When I gave my presentation “Innovative Practices in Strength and Conditioning” for, one of the topics that sparked the most interest among listeners was the idea of muscle shortness vs. stiffness.

A lot of athletes come to me complaining of feeling “tight” or “stiff”. These subject feelings can generally be broken down into acute or more “quasi-permanent” categories:

Acute: Following a training session, the resting “tone” of your muscles is increased. Simply, this means that your muscles have a greater level of resting tension and may feel tight or stiff. Unless you’re completely new to exercise, in which case your muscles will maintain a slightly elevated level of tone, this short-term increase in subjective “tightness” will generally subside within a day or two, especially if you do any dynamic or static stretching afterward or the next day.
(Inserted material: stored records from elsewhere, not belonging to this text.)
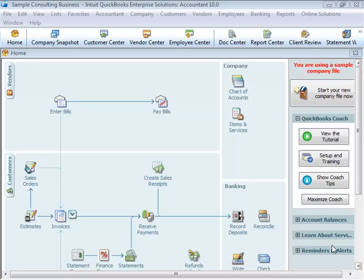Welcome back. In this lesson, we're going to go over some of the basic accounting terms that you will need to know. QuickBooks doesn't require users to learn or understand accounting jargon. However, it does use some common business terms. For instance, your chart of accounts.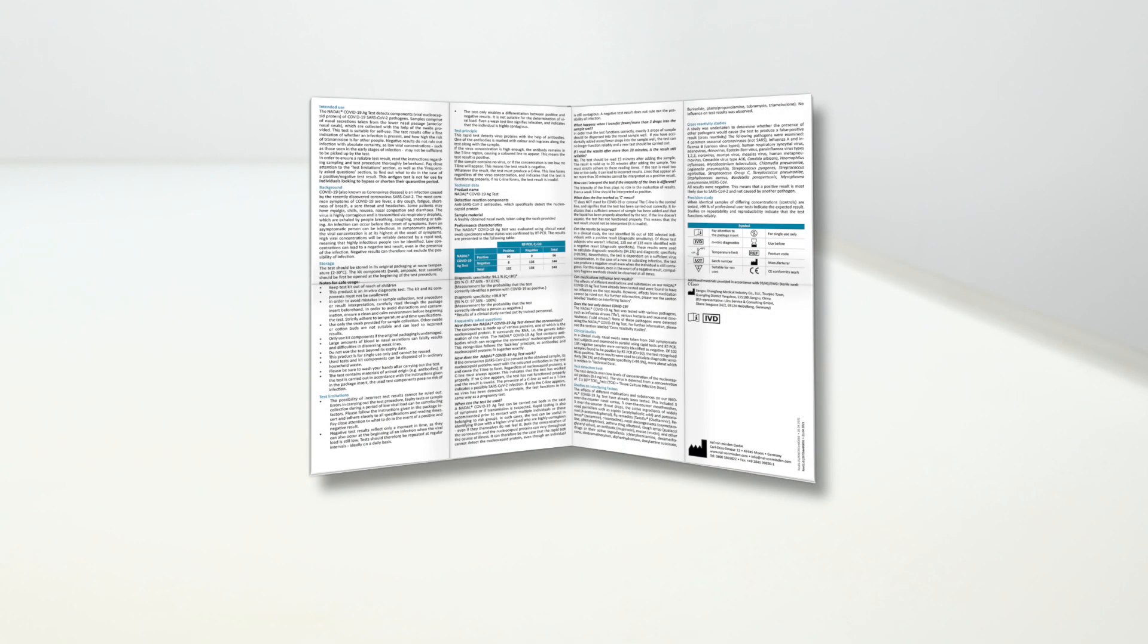If you still have any questions, see the Frequently Asked Questions section on the package insert for help.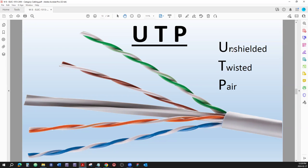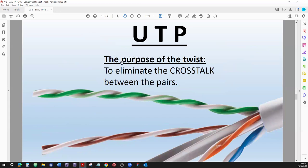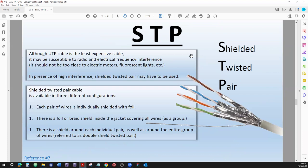So with unshielded twisted pair, the main purpose of the twist in the pairs is to minimize or lessen the chance of crosstalk. Can crosstalk still happen? It can, but if you take all those preventative measures the chances are slim. The purpose of the twist is to eliminate crosstalk between the pairs.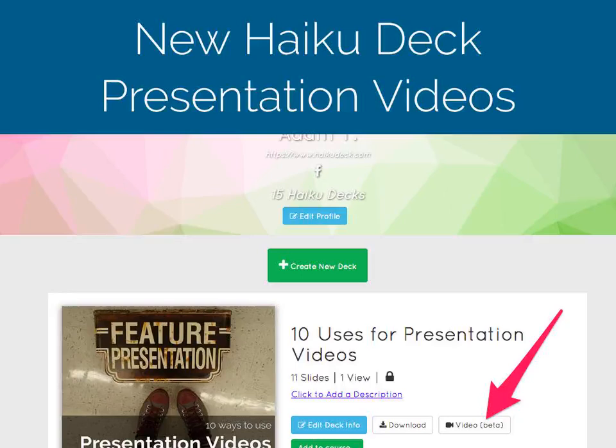To make a presentation video, sign in at haikudeck.com and look for the new Video Beta button shown here.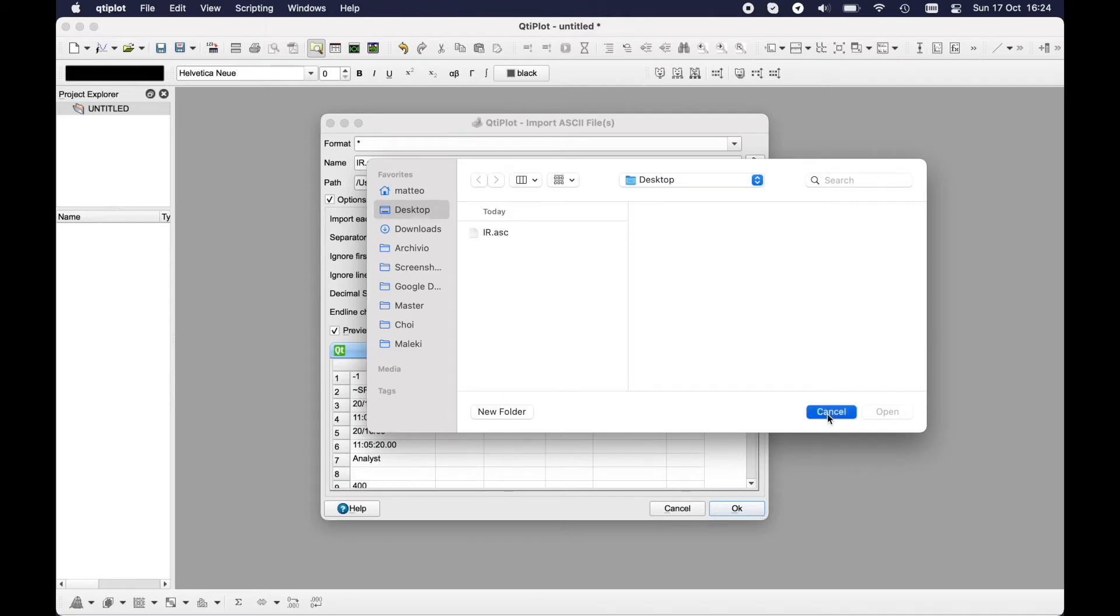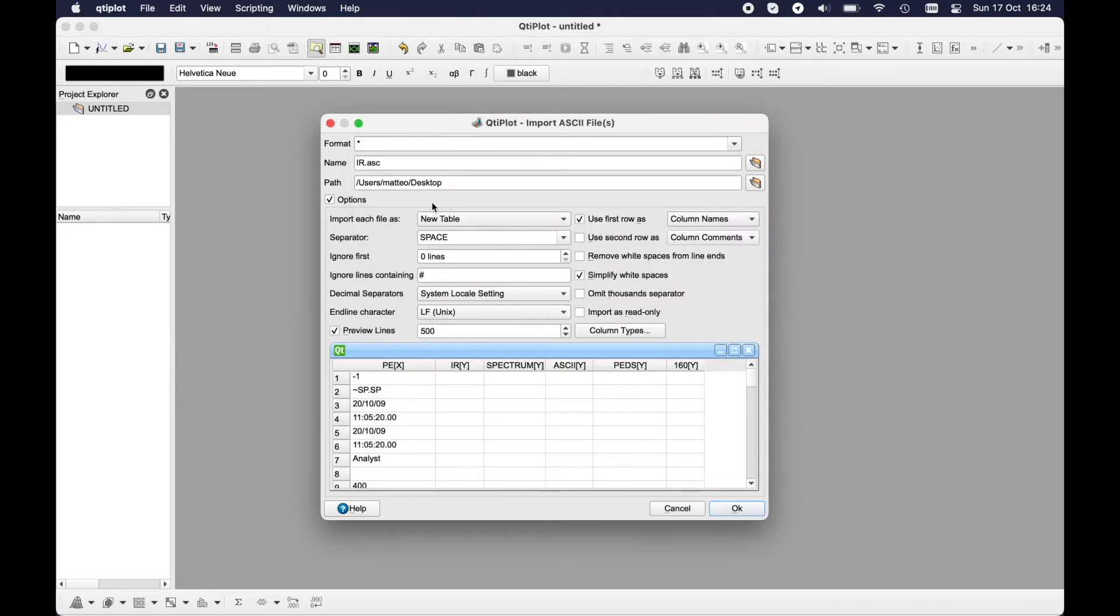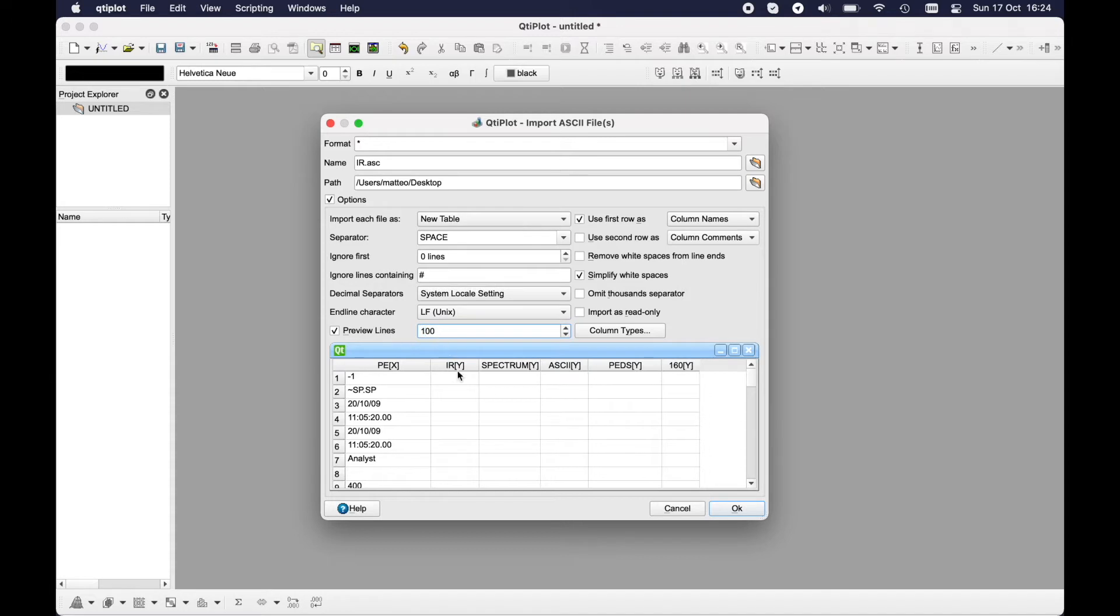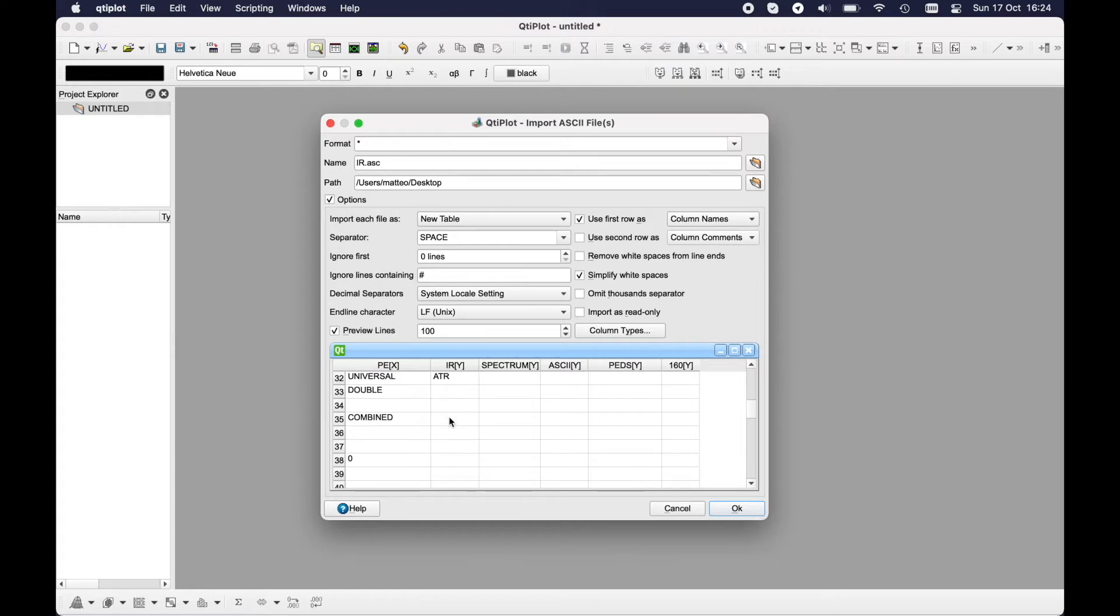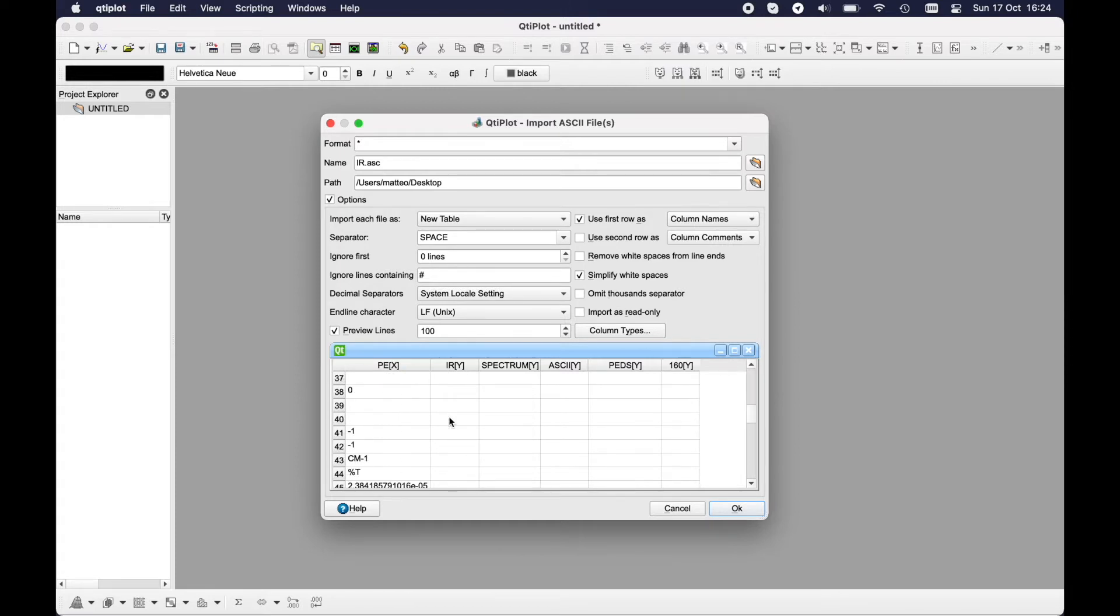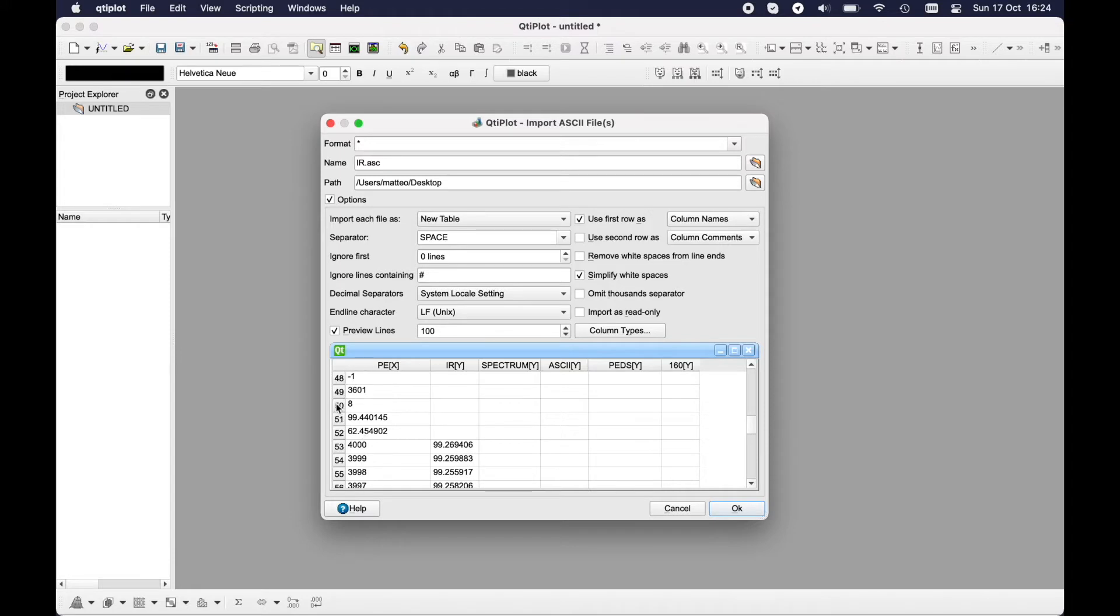At this point you have an overview of the first 500 lines, but you can also put for example 100 just to have an idea on how the final import would look like. In this case I have a bunch of lines that I would like to skip, especially the first 52 lines.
Hockey Training-Trap Bar Deadlift

It’s normal to feel stiff after lifting heavy

“Quasi-Permanent”: I use the term “quasi-permanent” because just about any musculotendinous quality can be altered through training. With that understood, musculotendinous units (referred to as “muscle” from here on for simplicity) can be categorized as either “short” or “stiff”, both of which may feel tight.

In simple terms:

Short means the muscle simply doesn’t have the length. It can be extended to a point, beyond which it will begin to tear.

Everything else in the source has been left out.